ASSIGNMENT: The answer must repeat each line of the material exactly.

PROVIDED DATA:

• • • •

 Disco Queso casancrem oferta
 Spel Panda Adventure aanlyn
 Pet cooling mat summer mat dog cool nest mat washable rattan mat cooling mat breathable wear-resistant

• • • •

EXERCISE ANSWER:
 Disco Queso casancrem oferta
 Spel Panda Adventure aanlyn
 Pet cooling mat summer mat dog cool nest mat washable rattan mat cooling mat breathable wear-resistant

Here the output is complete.